У нее не было никого, с кем она могла бы поделиться всей той болью, что она испытала, увидев разложенные полукругом паспорта убитых девушек. Не было также и никого, кто мог знать, как доставить ей столько страданий. Но одно она знала точно – это не имело никакого отношения ни к рядовым убийствам, ни даже к серийным. Она вдруг почувствовала себя марионеткой, крутящейся на веревочках на сцене красивого театра.
Она вытащила билеты, которые машинально положила себе в карман, встав из-за стола. Вырядится ли она в изящное платье, чтобы вновь выйти перед раскрывающимся занавесом, следуя четкому сценарию?
Неприятно треснула ветвь, отламываясь от умирающего дерева. Кристиан развернулась, не в силах смотреть на него более.
Дома она отрешенно посмотрела на пару пачек макарон и пельменей, купленных когда-то по акции. Не было больше ни пирогов, ни компотов с вареньем. Есть не хотелось.
На прикроватной тумбочке лежала открытая пачка сигарет. Кристиан уже не помнила, как давно менялось их количество. Она вытащила одну из них, закурив.
Свет монитора окрашивал его собранные в неровный хвост волосы в неестественный голубоватый цвет. Он сидел на полу, на рваном ковре с проплешинами, перед огромным блоком, совершенно непохожим на современные плазменные экраны. Кто-то мог бы решить, что это была дань ретро эпохе, но истина заключалась в том, что у него просто не было ничего иного.
Сквозь ковровые плеши проглядывал уже давно сгнивший пол – три слоя линолеума в прожженных дырах не скрывали плесень, поселившуюся на влажных досках. Он слышал где-то далеко капанье воды – наверное, в котельной, находящейся за стеной, снова что-то прохудилось.
Живот сводило от недоедания – даже его состояние не могло заглушить мучительного голода, поглощавшего все сознание. Тяжелый просторный свитер не мог спрятать от посторонних глаз выпирающих ребер, а лопатки на спине уже давно превратились в крылья ангела.
Но сейчас ему было все равно. Пустой голубой экран компьютера отражался в его застывших глазах, и он полностью растворился в себе. Пробежавший по ноге таракан не был удостоен и секундой внимания.
Потом был пробел в памяти. Он очнулся, только когда почувствовал неприятный пинок под ребра, и обернулся. Сзади стояла женщина, не скрывавшая презрения во взгляде.
– Босс тобой доволен. Все прошло без сучка, без задоринки.
Она кинула на пол перед ним коробку с ампулами – такие же, но пустые, валялись по всей комнате, опасно сверкая обломанными краями.

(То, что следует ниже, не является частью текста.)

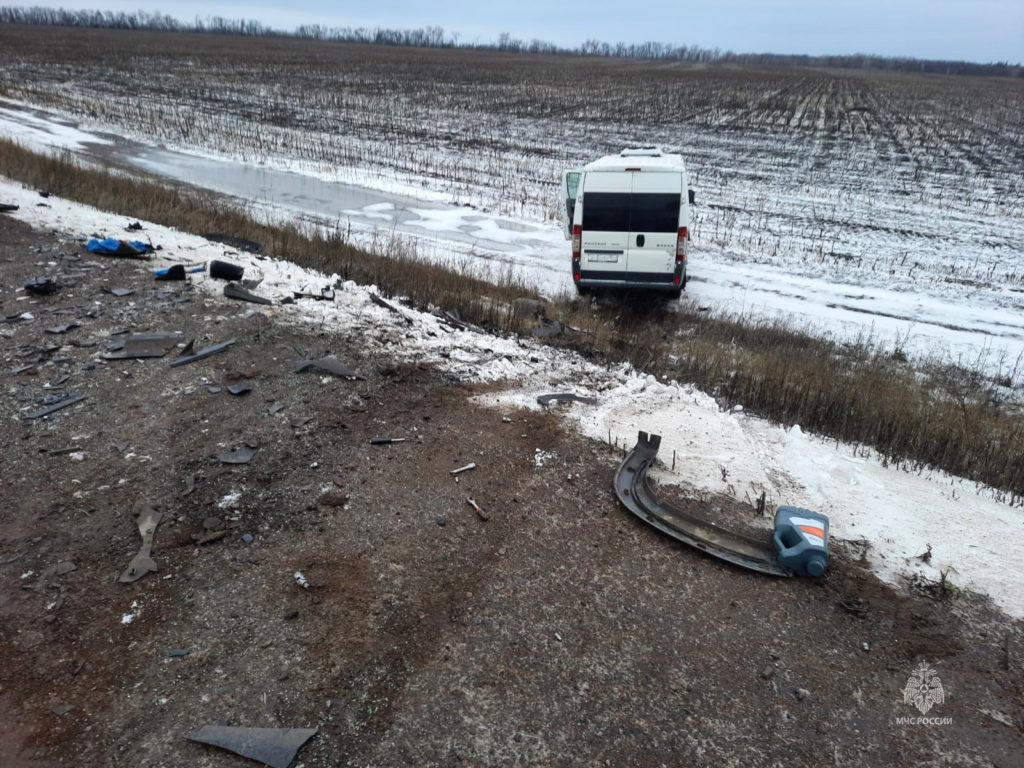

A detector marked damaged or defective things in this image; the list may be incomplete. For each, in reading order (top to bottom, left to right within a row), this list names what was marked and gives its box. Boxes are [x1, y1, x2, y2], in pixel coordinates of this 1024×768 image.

broken plastic [294, 356, 366, 380]
broken plastic [119, 504, 163, 584]
bent metal piece [612, 432, 788, 576]
broken plastic [186, 728, 316, 768] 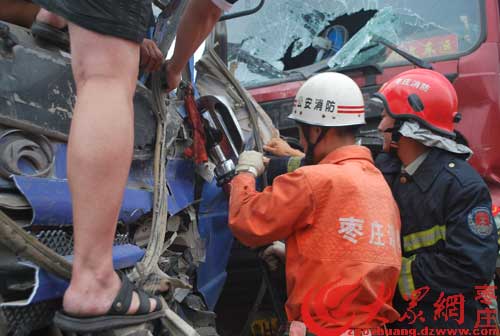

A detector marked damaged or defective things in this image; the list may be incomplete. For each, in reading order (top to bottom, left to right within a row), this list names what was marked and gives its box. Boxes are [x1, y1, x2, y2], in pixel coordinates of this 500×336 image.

shattered windshield [225, 0, 482, 86]
wrecked truck front end [0, 4, 276, 334]
crumpled metal [398, 121, 472, 159] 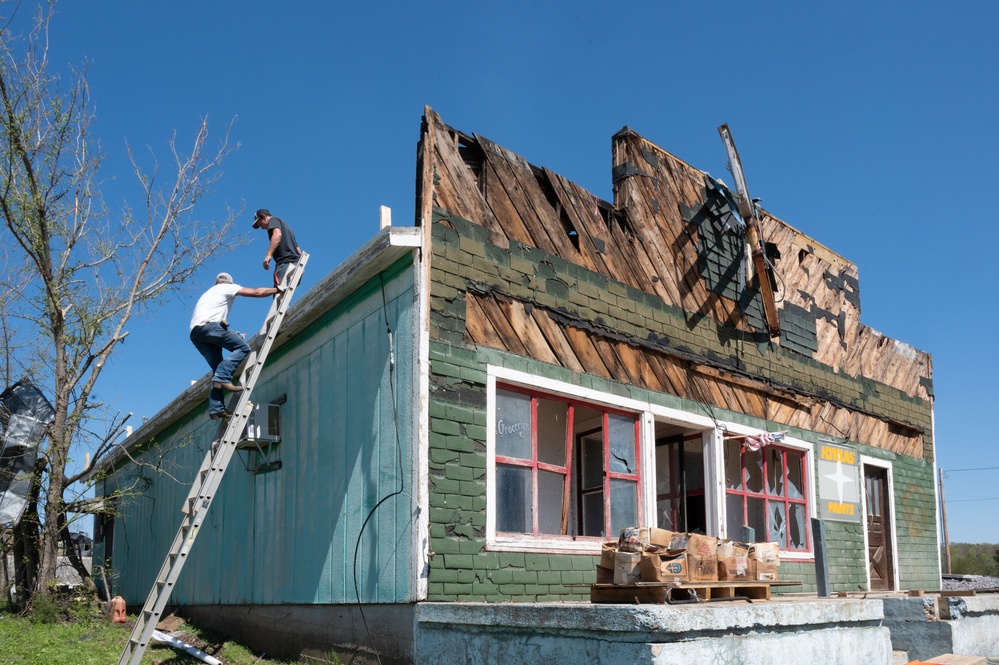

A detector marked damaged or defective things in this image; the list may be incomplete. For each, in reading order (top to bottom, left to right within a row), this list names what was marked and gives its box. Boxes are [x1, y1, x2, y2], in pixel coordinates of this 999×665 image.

damaged building [88, 106, 968, 660]
broken window [494, 386, 640, 536]
broken window [728, 440, 812, 548] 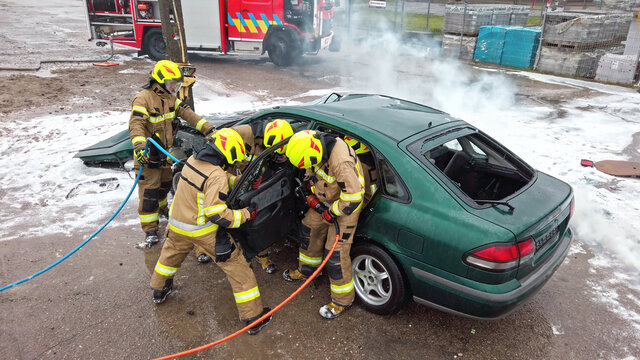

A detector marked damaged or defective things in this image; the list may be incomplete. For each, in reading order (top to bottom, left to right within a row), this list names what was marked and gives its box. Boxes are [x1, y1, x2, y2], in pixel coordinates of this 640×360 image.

detached car door [226, 139, 298, 260] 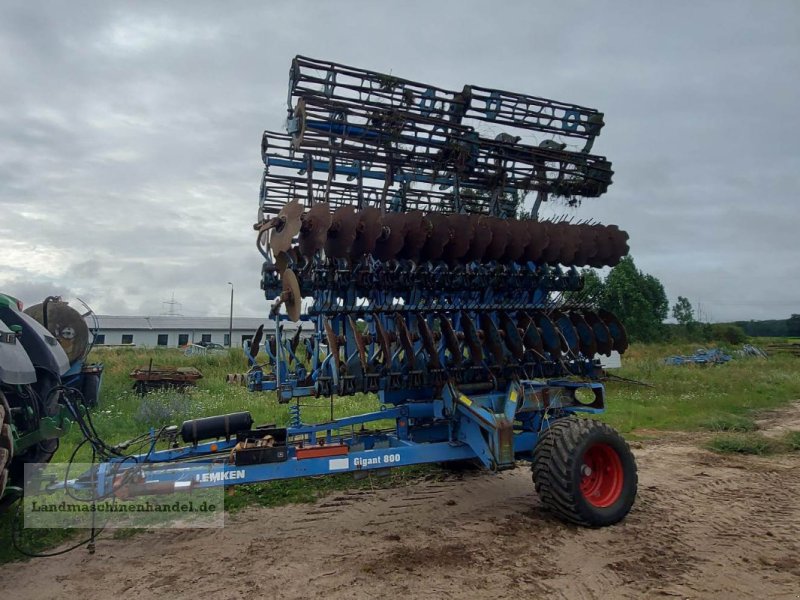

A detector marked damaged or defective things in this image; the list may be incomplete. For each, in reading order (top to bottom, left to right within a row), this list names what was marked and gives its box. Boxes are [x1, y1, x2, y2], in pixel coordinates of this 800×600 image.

rusty disc blade [270, 200, 304, 254]
rusty disc blade [298, 203, 332, 256]
rusty disc blade [324, 206, 358, 258]
rusty disc blade [354, 206, 384, 258]
rusty disc blade [376, 212, 410, 262]
rusty disc blade [400, 211, 432, 260]
rusty disc blade [422, 212, 454, 262]
rusty disc blade [440, 216, 472, 262]
rusty disc blade [462, 217, 494, 262]
rusty disc blade [482, 218, 512, 260]
rusty disc blade [500, 217, 532, 262]
rusty disc blade [284, 268, 304, 324]
rusty disc blade [324, 316, 340, 372]
rusty disc blade [346, 314, 368, 370]
rusty disc blade [416, 316, 440, 368]
rusty disc blade [438, 314, 462, 366]
rusty disc blade [460, 312, 484, 364] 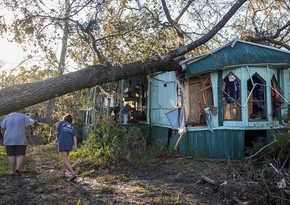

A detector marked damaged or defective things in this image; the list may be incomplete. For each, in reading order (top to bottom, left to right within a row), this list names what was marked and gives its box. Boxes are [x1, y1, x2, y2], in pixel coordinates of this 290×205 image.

damaged house [148, 39, 290, 159]
broken window [223, 72, 241, 120]
broken window [247, 73, 268, 120] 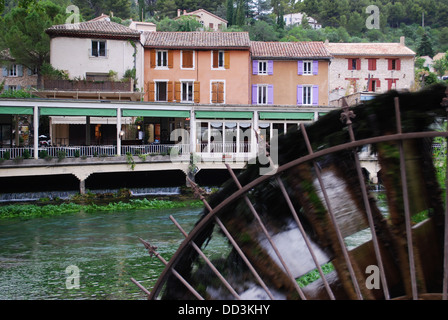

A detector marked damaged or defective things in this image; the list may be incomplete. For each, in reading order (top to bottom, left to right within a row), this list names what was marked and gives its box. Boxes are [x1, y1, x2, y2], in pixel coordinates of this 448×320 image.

rusty waterwheel [134, 85, 448, 300] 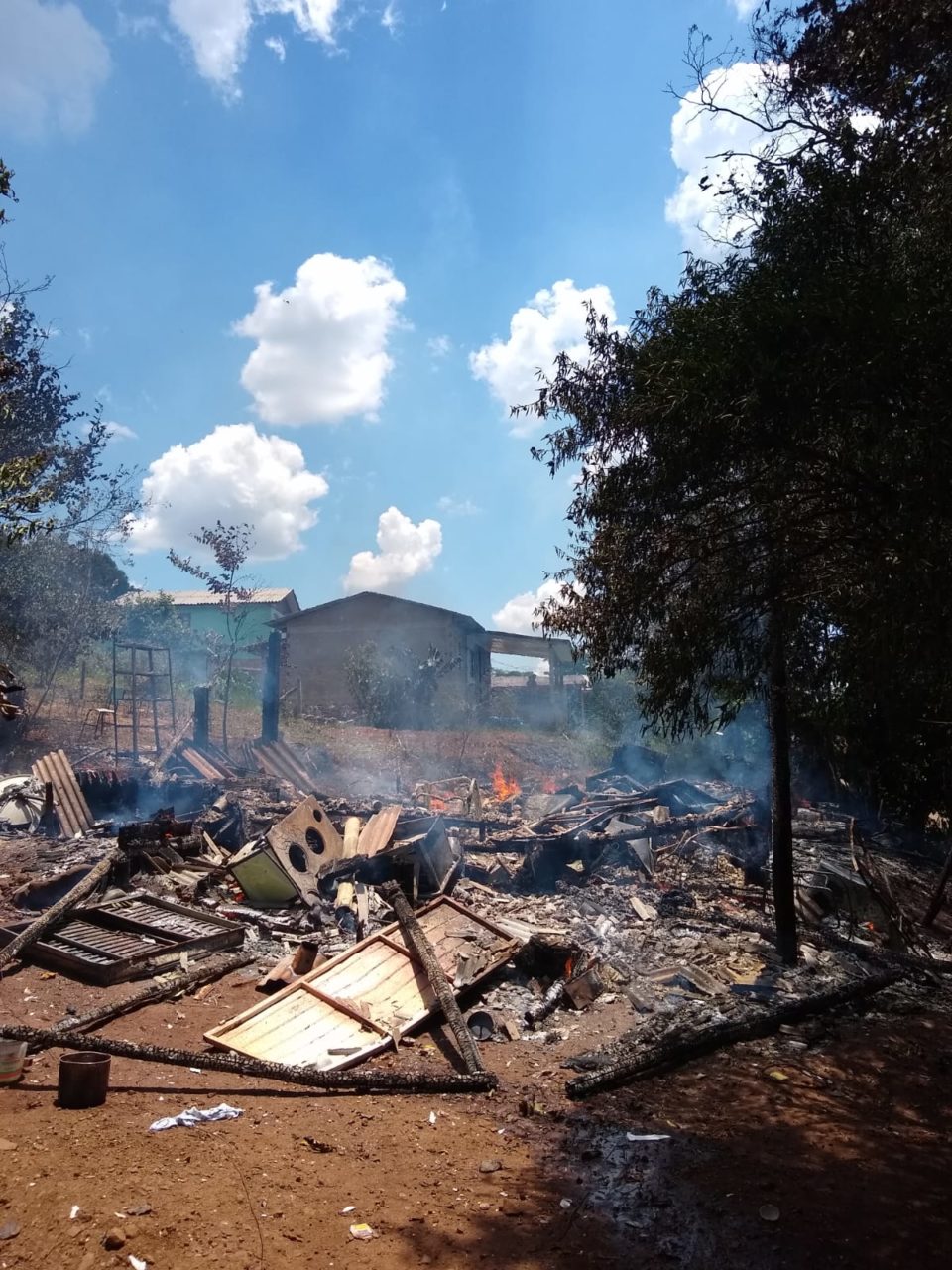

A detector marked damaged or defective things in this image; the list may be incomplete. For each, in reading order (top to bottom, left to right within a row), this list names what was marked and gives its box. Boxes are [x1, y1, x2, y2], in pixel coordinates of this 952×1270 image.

charred wood beam [0, 848, 123, 975]
charred wood beam [50, 954, 255, 1031]
charred wood beam [3, 1026, 500, 1096]
charred wood beam [378, 883, 487, 1072]
charred wood beam [565, 969, 903, 1102] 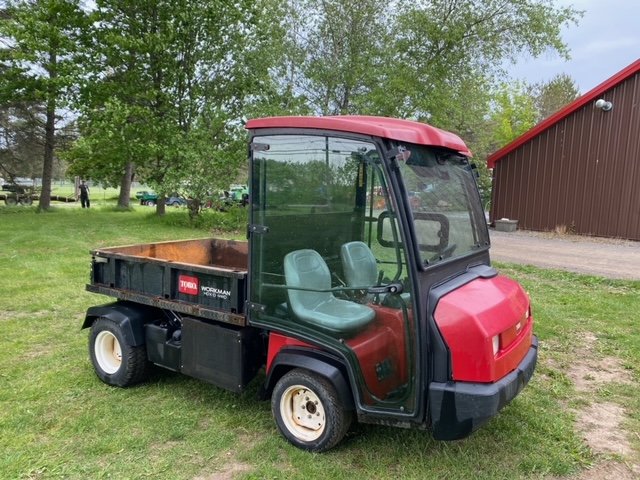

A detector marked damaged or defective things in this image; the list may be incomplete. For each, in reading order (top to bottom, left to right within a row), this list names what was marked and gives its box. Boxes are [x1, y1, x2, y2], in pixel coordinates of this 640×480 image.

rusty truck bed [87, 239, 250, 326] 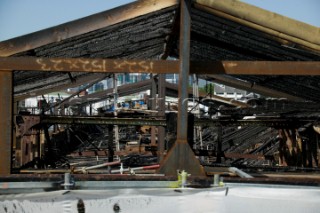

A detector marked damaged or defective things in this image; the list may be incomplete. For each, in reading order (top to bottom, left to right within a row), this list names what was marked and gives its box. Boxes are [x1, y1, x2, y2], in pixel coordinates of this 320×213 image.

rusted metal surface [0, 0, 180, 56]
rusty steel beam [0, 0, 180, 56]
rusted metal surface [194, 0, 320, 51]
rusty steel beam [0, 57, 179, 74] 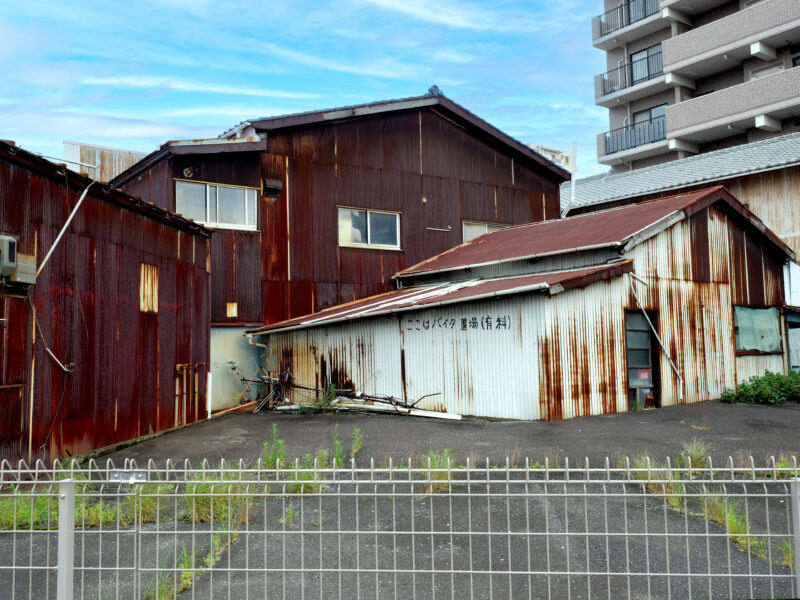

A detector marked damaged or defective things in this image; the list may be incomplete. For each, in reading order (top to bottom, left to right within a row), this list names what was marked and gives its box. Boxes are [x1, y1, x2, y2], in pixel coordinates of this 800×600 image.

dark red rusted wall [0, 149, 209, 464]
rusty corrugated metal building [0, 141, 211, 464]
rusty corrugated metal building [109, 92, 568, 412]
dark red rusted wall [120, 105, 564, 326]
rusted metal roof [220, 91, 568, 180]
rusted metal roof [250, 262, 632, 338]
rusty corrugated metal building [252, 186, 792, 418]
rusted metal roof [396, 185, 792, 278] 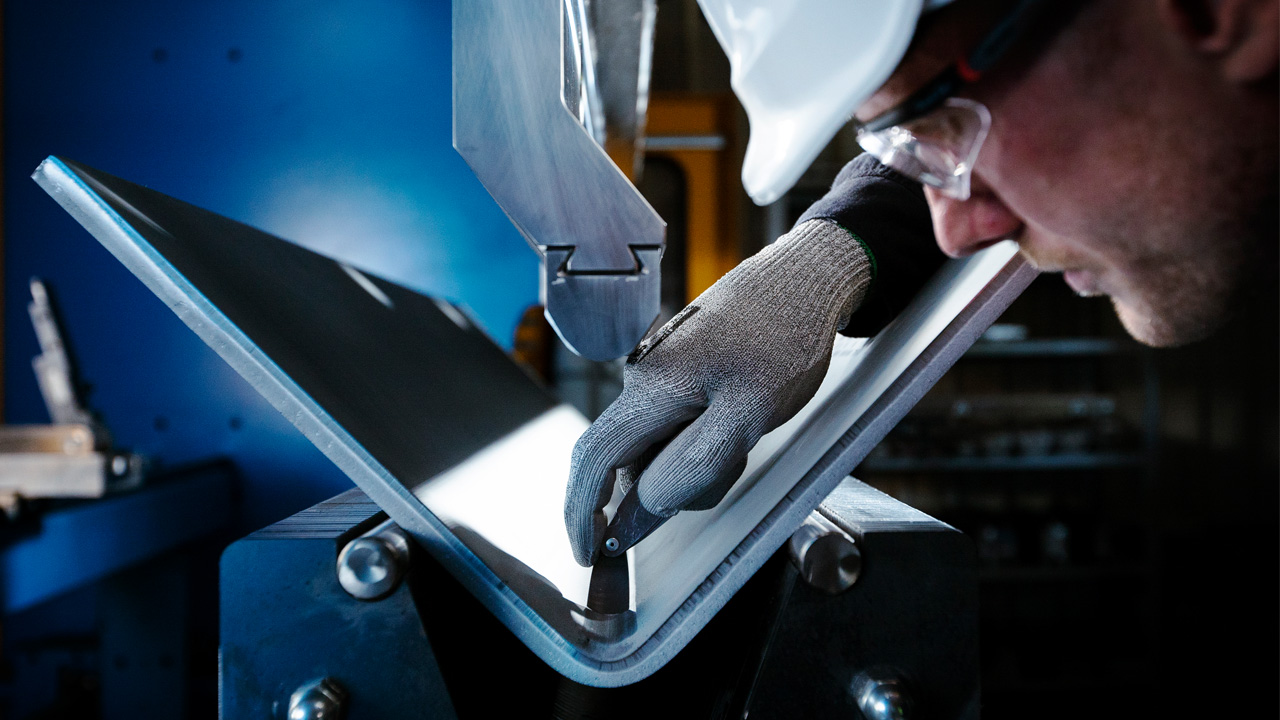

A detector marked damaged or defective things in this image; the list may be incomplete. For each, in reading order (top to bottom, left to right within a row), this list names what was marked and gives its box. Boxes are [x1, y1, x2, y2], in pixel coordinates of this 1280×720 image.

bent steel plate [35, 158, 1040, 688]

Он плохо понимал, почему им довольны. Работа, которую он выполнял, казалась слишком скучной и легкой, а выяснять, куда нити ведут дальше, он просто не хотел. Сегодня был один из таких дней, когда он предпочел бы оплату едой, но он знал, что через пару часов она снова окажется снаружи, в одном из неоднократно заблеванных углов. Он уже давно перестал понимать, что с ним происходит.
– Ты бы сменил место жительства, что ли. Уверена, босс мог бы подыскать тебе… Ну, хотя бы комнату.
Она с отвращением осмотрелась. Ему не нужна была комната. Здесь, в подвале одного из старых домов, он без проблем смог подключиться к электросети, а большего ему и не нужно было.
– Завтра этот план наконец-то закончится. Завтра босс наконец-то успокоится, и мы… Ну, сможем вернуться к тому, что было.
Он неопределенно пожал плечами. Женщине явно было не по себе от того, что происходило с тех пор, когда босс вдруг заговорил об «особом плане», и им пришлось исполнять странные, почти ритуальные прихоти. Ему же было все равно. Для него ничего не изменилось – ни оплата, ни отношение к нему.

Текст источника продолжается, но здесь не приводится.